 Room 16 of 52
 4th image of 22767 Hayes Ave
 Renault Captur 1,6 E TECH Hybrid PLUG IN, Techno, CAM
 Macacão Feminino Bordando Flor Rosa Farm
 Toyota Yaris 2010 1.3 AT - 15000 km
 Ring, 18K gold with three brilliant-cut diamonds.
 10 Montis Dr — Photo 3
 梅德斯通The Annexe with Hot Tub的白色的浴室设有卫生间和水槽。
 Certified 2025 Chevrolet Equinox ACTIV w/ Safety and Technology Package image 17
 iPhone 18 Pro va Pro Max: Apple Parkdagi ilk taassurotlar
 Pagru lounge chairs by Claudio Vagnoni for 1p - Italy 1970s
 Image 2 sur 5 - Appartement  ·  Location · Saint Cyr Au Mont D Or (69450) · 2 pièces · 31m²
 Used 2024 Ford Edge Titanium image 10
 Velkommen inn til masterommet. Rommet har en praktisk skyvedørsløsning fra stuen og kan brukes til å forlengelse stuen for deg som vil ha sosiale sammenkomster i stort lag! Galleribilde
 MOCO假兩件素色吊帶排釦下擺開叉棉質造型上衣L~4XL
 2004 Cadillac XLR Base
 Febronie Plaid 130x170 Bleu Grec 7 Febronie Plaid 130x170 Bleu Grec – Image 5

____

*Exercise instructions*
Nothing but the lines from the one containing "Velkommen inn til" through the last line of the material should be returned, each exactly as written, both ends included.

*Task output*
 Velkommen inn til masterommet. Rommet har en praktisk skyvedørsløsning fra stuen og kan brukes til å forlengelse stuen for deg som vil ha sosiale sammenkomster i stort lag! Galleribilde
 MOCO假兩件素色吊帶排釦下擺開叉棉質造型上衣L~4XL
 2004 Cadillac XLR Base
 Febronie Plaid 130x170 Bleu Grec 7 Febronie Plaid 130x170 Bleu Grec – Image 5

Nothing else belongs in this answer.